──────── DATA SUPPLIED

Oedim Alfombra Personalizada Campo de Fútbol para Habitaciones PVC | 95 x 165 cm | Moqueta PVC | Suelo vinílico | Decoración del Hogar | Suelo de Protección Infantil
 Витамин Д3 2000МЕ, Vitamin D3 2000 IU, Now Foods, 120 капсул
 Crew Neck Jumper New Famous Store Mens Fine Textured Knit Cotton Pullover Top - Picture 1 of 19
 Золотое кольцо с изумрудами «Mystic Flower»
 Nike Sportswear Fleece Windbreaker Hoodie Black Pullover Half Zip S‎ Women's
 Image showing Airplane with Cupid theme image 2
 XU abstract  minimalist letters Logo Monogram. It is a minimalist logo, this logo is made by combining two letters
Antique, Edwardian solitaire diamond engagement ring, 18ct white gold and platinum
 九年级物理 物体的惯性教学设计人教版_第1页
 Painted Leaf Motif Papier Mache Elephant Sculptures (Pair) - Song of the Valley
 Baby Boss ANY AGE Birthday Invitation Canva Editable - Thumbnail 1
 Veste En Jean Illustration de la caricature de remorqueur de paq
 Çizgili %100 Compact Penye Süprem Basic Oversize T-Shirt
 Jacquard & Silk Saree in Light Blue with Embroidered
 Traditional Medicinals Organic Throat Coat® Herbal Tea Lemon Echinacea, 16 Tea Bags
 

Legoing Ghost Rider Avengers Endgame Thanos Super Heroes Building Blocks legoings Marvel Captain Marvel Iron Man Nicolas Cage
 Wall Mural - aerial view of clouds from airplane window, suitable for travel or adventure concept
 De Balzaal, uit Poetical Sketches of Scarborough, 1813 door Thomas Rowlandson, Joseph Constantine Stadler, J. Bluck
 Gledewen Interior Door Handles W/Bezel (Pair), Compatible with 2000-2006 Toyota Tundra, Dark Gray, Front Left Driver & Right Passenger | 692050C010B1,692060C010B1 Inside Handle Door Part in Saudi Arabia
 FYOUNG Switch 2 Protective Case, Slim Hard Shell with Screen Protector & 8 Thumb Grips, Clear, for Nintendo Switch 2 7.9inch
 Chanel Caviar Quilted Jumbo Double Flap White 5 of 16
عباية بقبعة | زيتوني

────────────────

EXERCISE → Which lines in the records above contain the string "Pair"? Copy them.

RESULT FOR THIS TASK →
 Painted Leaf Motif Papier Mache Elephant Sculptures (Pair) - Song of the Valley
 Gledewen Interior Door Handles W/Bezel (Pair), Compatible with 2000-2006 Toyota Tundra, Dark Gray, Front Left Driver & Right Passenger | 692050C010B1,692060C010B1 Inside Handle Door Part in Saudi Arabia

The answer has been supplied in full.